## Extracted entries
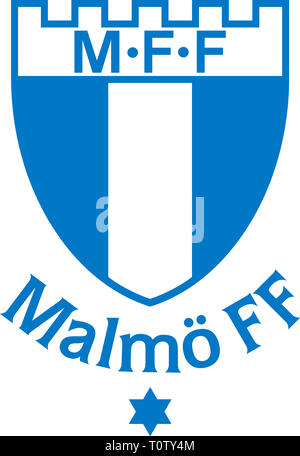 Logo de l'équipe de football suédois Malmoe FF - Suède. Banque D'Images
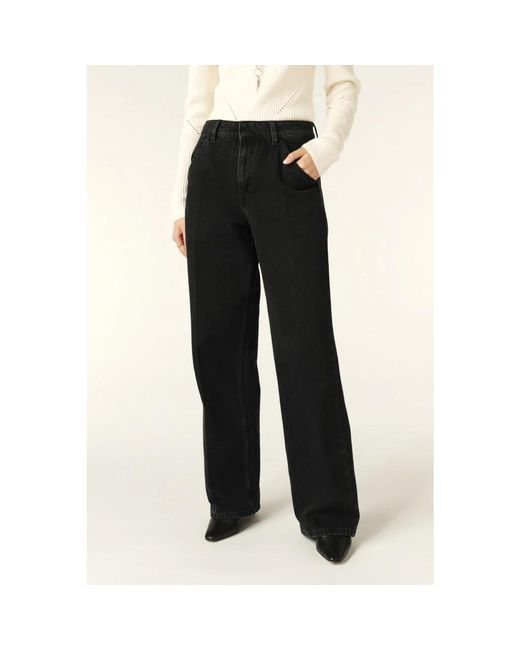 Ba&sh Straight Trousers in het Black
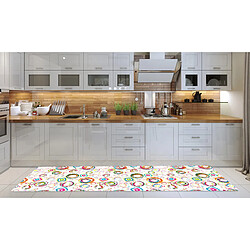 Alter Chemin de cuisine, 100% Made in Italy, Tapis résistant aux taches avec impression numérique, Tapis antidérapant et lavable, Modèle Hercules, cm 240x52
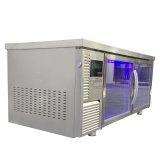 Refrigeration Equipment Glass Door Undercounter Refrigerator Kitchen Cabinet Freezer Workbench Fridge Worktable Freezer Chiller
* * *
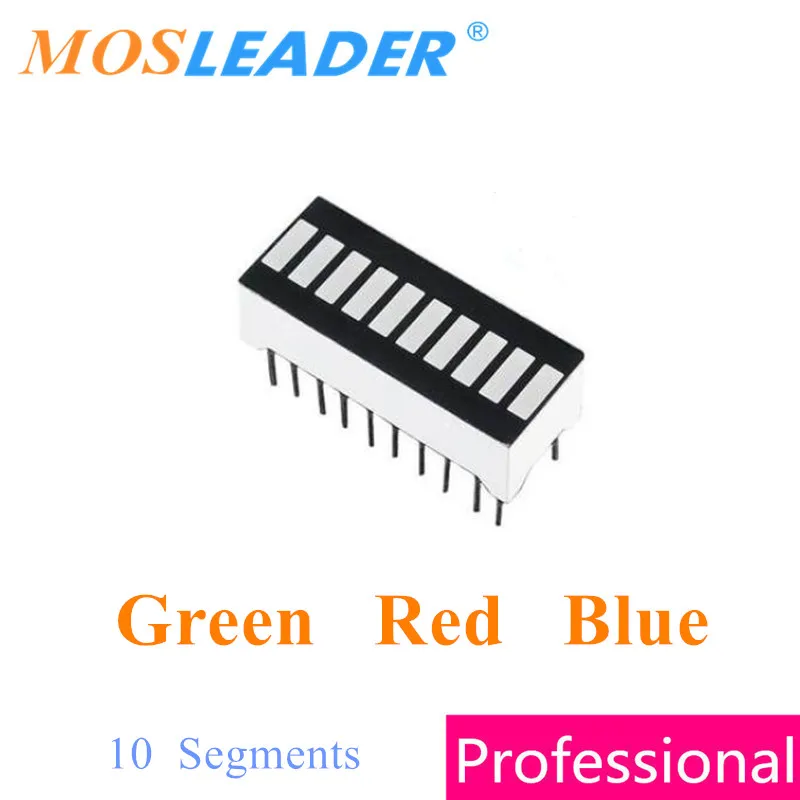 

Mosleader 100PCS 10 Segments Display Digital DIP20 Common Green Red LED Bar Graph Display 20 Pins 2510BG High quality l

## Instructions for the task
An exact transcription is needed of the lines from the one with "Ba&sh Straight Trousers in het Black" to the one with "Refrigeration Equipment Glass" above, both ends included, with pictures left out.

## Solution for this problem
 Ba&sh Straight Trousers in het Black
 Alter Chemin de cuisine, 100% Made in Italy, Tapis résistant aux taches avec impression numérique, Tapis antidérapant et lavable, Modèle Hercules, cm 240x52
 Refrigeration Equipment Glass Door Undercounter Refrigerator Kitchen Cabinet Freezer Workbench Fridge Worktable Freezer Chiller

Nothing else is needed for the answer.